Required action:
Could you copy the data that follows exactly as written, but drop the pictures?

Dataset extract:

--

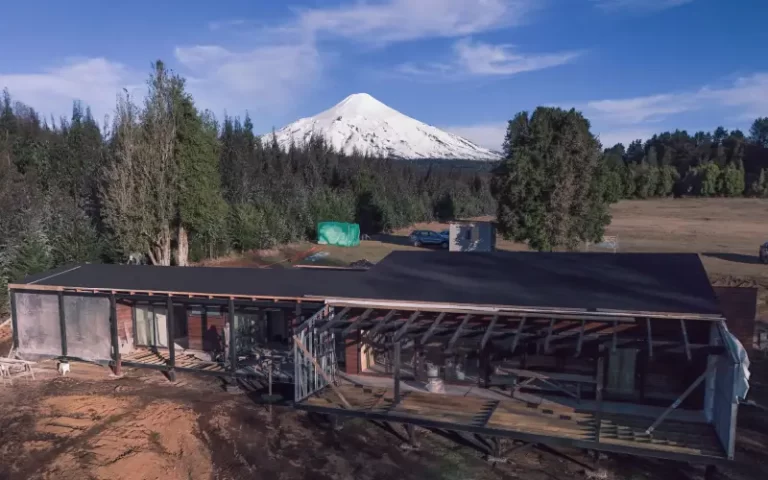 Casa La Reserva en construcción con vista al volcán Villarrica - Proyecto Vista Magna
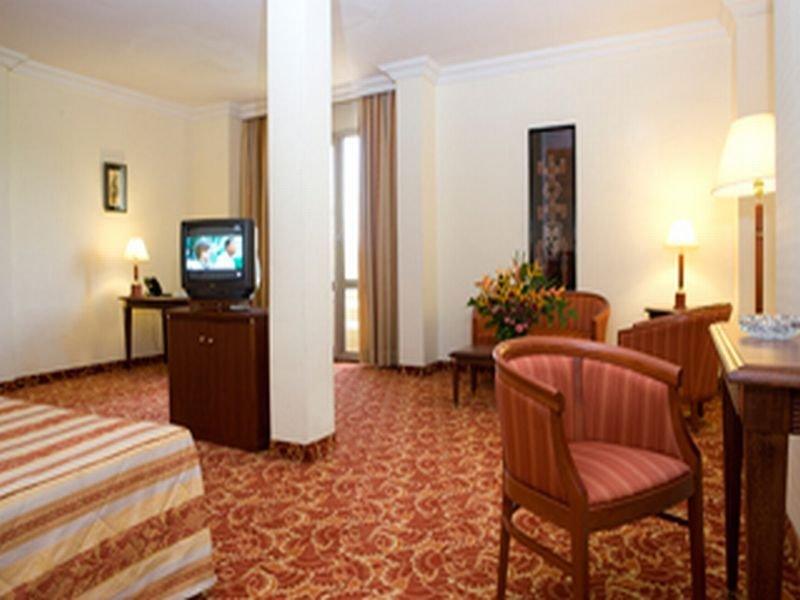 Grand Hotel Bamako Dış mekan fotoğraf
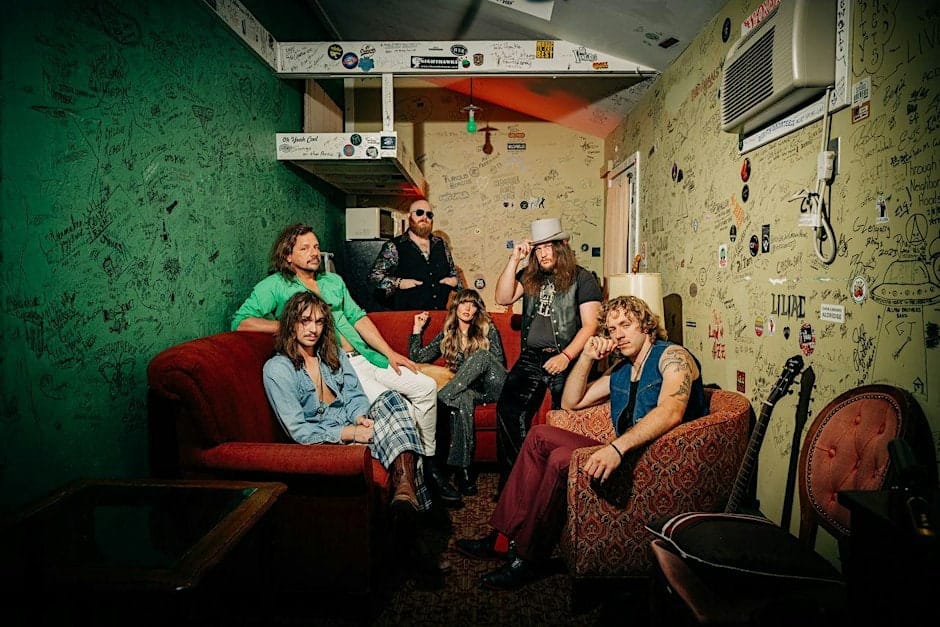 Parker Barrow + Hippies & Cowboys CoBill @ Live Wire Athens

--

Task response:
 Casa La Reserva en construcción con vista al volcán Villarrica - Proyecto Vista Magna
 Grand Hotel Bamako Dış mekan fotoğraf
 Parker Barrow + Hippies & Cowboys CoBill @ Live Wire Athens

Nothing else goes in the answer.